O Conselho Tutelar de Itapetininga (SP) revelou nesta quarta-feira (7) que Débora Rolim da Silva, de 24 anos, suspeita de matar a filha, Emanuelly Aghata da Silva, de 5 anos, nunca apresentou indícios de maus-tratos e que sempre atendia bem os conselheiros que acompanhavam a família desde a denúncia de agressão feita pela babá, em janeiro de 2017.
De acordo com o conselheiro tutelar Clayton Soares, assim que órgão
recebeu a denúncia, uma equipe foi imediatamente à casa fazer
averiguação. Clayton diz que a mãe atendeu os agentes e foi prestar
esclarecimentos na sede do Conselho Tutelar.
“A casa sempre estava bem organizada, as crianças também, o relatório de
frequência escolar não tinha nenhuma anormalidade, tudo era favorável à
mãe.

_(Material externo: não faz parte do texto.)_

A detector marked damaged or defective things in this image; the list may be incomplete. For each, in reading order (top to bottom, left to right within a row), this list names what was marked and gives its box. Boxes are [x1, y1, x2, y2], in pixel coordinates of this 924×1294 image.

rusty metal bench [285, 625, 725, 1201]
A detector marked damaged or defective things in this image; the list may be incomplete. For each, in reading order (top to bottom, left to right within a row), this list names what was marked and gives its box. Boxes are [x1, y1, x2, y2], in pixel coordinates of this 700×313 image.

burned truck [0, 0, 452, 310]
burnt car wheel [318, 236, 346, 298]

Ela conseguiu enganar a todos", disse Soares em entrevista
Clayton explicou que fazia o acompanhamento à família e que, ao todo, foram realizadas 10 visitas druante o período.
“O Conselho não detectou nada grave, tanto que o laudo do IML (Instituto Médico Legal) apontou agressão de natureza leve e então o inquérito foi arquivado. Mesmo assim, continuamos acompanhando a família e nada foi constatado”, explica.

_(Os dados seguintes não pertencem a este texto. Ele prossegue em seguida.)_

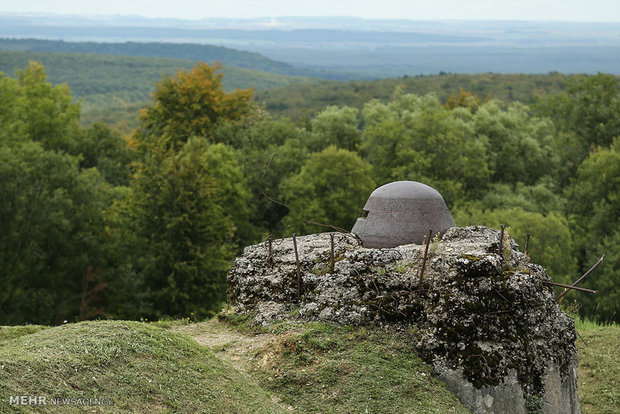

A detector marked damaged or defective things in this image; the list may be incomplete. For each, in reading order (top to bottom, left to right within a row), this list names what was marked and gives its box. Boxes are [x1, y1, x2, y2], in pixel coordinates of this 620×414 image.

rusted metal dome [354, 180, 456, 246]
rusty metal post [416, 226, 432, 298]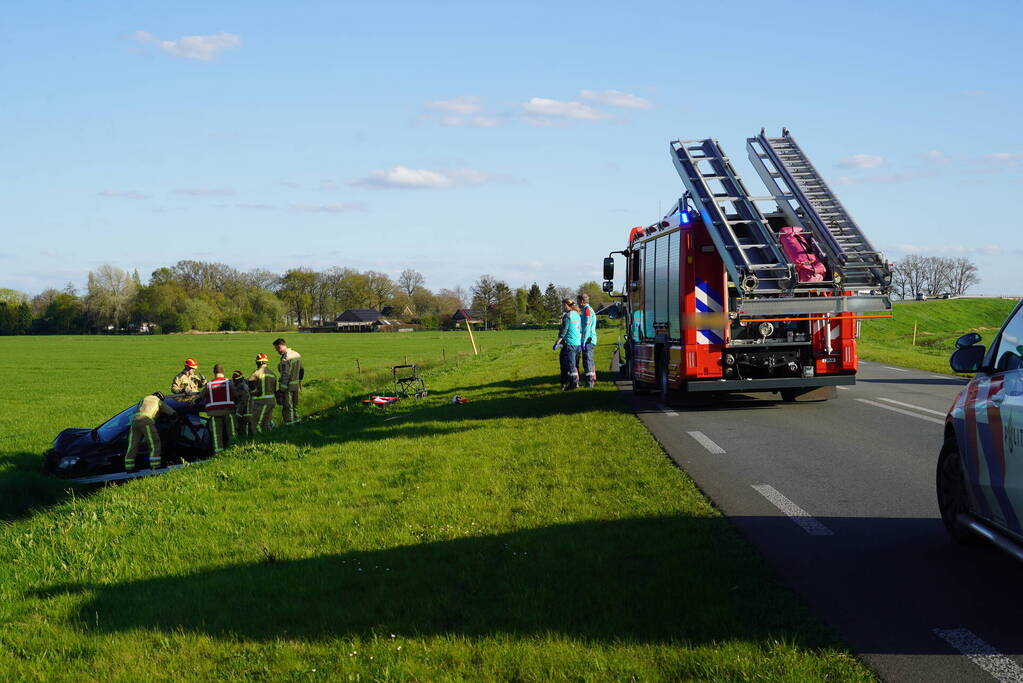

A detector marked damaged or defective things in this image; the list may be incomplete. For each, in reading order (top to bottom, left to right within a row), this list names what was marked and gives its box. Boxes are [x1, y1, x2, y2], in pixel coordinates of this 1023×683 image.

crashed vehicle [44, 396, 212, 480]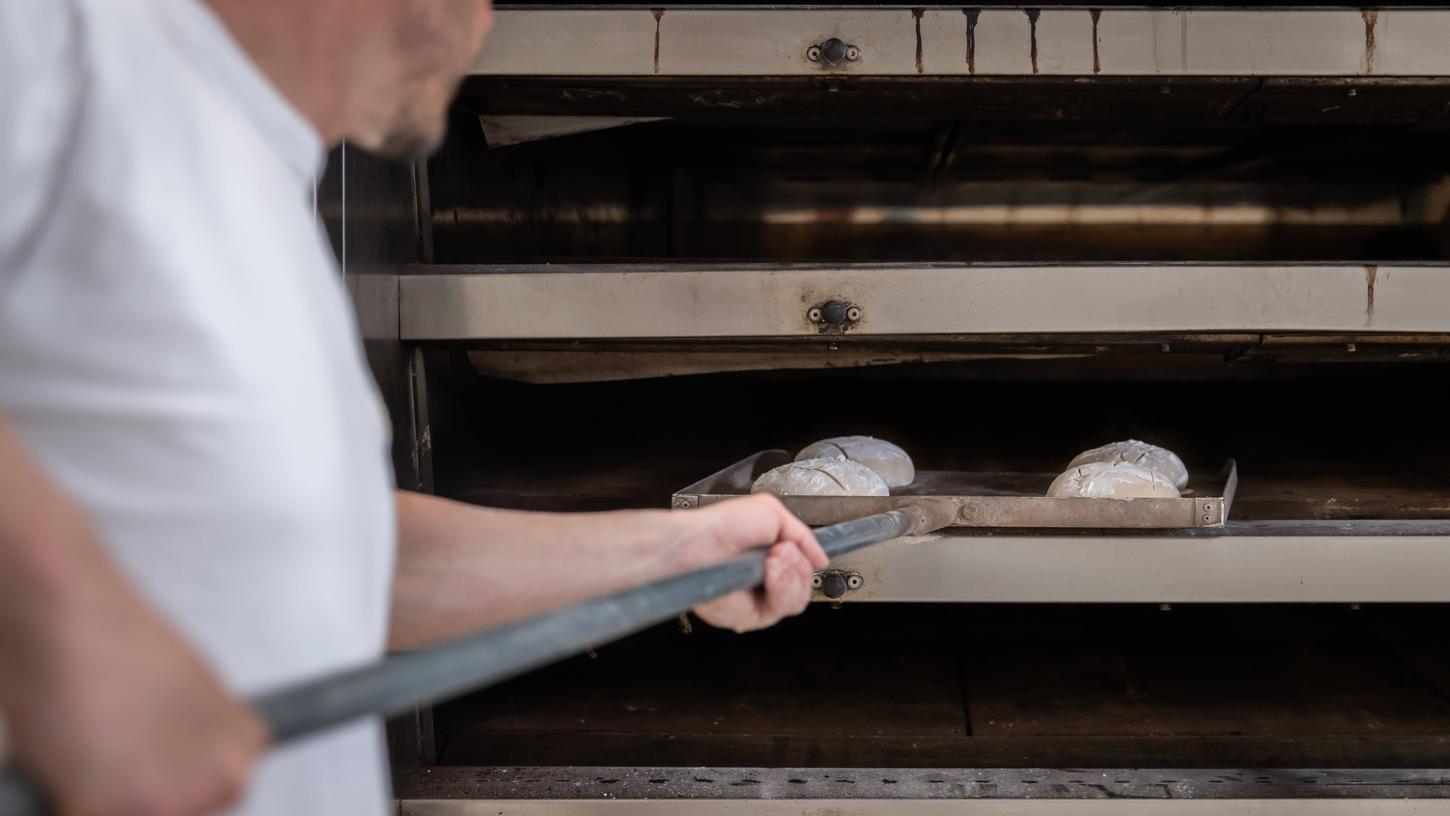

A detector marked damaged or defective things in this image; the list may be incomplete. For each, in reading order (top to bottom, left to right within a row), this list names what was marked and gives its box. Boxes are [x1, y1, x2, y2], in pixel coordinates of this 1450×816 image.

rust stain [1357, 10, 1380, 75]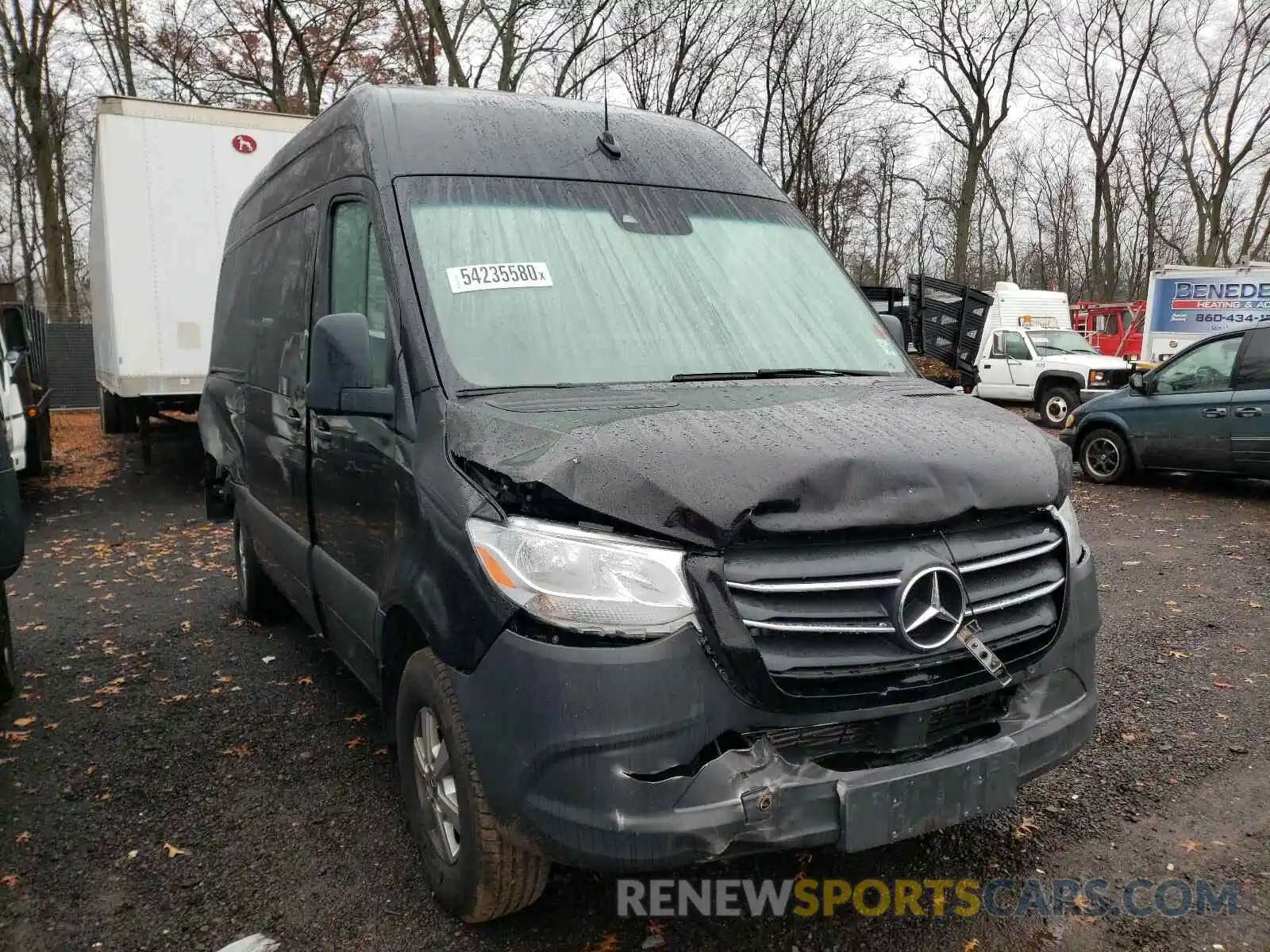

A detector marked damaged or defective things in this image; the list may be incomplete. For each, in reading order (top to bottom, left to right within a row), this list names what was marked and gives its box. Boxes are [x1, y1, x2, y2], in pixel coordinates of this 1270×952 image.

crumpled hood [447, 375, 1072, 548]
damaged front bumper [452, 551, 1097, 873]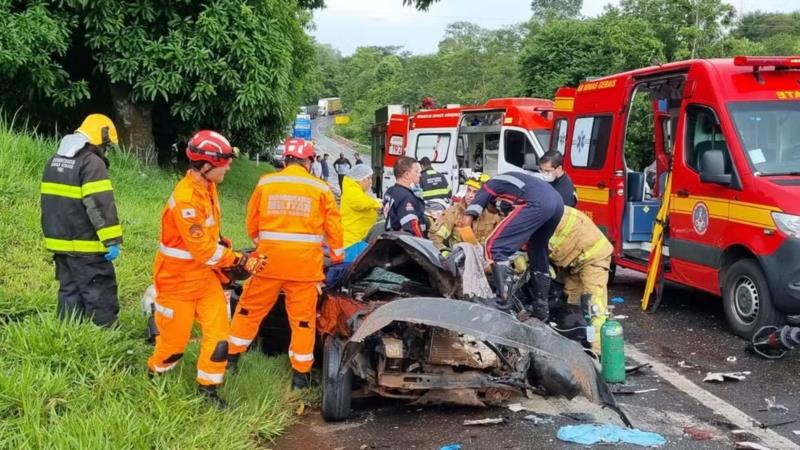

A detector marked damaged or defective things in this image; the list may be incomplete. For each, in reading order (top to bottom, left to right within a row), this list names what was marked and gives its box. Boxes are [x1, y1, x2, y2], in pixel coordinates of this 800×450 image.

severely crushed car [314, 234, 624, 424]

Ainda segundo o conselheiro, além da denúncia da babá, o órgão também recebeu queixa da Escola Municipal de Educação Infantil ‘São Paulo Apóstolo’, em outubro de 2017, que a menina apresentava hematomas no corpo.
A denúncia foi confirmada pela Secretaria de Educação, que em nota,
afirmou que um conselheiro tutelar chegou a comparecer na escola,
constatar os fatos e fotografar hematomas encontrados no corpo da
menina.
Soares diz que voltaram a casa de Débora, mas novamente não constataram
nada. Ele conta ainda que não foi pedido um novo exame de corpo de
delito, já que a denúncia apontava as faltas da menina na escola.
“Ao chegarmos à casa perguntando sobre a frequência escolar dela, a mãe apresentou atestados de saúde e informou que ela [Emanuelly] não estaria indo à escola porque estava de atestado”, diz.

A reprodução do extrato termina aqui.